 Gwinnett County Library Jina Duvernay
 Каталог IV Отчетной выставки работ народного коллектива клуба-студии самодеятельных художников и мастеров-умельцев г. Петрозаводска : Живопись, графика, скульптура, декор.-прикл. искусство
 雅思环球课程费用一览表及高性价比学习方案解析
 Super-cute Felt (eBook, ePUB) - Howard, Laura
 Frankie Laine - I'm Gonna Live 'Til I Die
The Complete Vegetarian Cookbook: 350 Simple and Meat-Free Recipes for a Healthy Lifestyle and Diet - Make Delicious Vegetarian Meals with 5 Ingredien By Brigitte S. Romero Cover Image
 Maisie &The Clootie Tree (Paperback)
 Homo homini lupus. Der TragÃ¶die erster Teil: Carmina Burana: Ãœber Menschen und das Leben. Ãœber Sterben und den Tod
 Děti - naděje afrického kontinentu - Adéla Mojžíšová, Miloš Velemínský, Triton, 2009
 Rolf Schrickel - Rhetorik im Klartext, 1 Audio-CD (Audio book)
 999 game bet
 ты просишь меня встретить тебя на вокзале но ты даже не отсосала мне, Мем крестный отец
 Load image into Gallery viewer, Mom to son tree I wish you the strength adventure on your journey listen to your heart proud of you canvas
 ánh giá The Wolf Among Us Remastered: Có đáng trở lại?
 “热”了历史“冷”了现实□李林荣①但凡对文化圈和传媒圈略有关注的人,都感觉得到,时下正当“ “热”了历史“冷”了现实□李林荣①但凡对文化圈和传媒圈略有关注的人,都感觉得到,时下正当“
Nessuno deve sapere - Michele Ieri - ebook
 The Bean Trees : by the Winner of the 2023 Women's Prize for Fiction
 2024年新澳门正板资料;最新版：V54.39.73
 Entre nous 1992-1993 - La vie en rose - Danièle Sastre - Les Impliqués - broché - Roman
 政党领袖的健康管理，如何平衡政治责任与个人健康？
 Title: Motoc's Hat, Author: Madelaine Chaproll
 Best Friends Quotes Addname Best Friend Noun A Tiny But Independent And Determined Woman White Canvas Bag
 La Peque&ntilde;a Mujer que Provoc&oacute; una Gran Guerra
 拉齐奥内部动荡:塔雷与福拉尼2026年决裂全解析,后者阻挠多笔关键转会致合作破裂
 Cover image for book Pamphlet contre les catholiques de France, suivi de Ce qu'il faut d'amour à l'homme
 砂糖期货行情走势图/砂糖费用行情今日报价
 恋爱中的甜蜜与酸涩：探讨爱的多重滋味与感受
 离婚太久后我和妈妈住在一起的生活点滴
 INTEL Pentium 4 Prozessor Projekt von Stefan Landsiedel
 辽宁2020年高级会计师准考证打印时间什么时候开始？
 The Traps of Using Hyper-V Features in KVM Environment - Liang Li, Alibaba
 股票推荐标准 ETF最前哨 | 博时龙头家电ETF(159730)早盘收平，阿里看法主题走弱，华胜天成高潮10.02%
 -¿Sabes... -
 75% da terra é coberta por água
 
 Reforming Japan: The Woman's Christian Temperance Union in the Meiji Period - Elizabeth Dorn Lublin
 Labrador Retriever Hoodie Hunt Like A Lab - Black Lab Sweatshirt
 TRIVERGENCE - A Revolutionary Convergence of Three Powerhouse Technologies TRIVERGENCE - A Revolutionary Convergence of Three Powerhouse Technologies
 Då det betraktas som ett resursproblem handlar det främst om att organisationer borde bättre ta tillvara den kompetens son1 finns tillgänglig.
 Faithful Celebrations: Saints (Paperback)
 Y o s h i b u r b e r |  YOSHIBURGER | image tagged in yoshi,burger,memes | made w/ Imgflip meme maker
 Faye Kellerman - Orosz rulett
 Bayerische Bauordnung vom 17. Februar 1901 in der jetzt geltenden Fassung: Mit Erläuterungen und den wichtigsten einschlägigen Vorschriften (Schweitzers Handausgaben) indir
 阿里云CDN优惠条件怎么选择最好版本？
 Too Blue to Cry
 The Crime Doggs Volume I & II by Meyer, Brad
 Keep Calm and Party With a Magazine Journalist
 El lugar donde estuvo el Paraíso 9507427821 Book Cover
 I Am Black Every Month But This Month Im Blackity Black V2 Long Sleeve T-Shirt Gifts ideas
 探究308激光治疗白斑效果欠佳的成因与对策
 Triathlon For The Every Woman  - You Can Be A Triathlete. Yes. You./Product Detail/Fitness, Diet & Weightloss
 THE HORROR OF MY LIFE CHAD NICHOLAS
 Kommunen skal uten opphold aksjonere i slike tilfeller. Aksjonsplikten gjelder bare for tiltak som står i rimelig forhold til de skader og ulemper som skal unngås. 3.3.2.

--------------------------------------------------

▸ Task brief: How many lines in the records above hold the word "Black"? Give only the number.

▸ Exercise solution: 2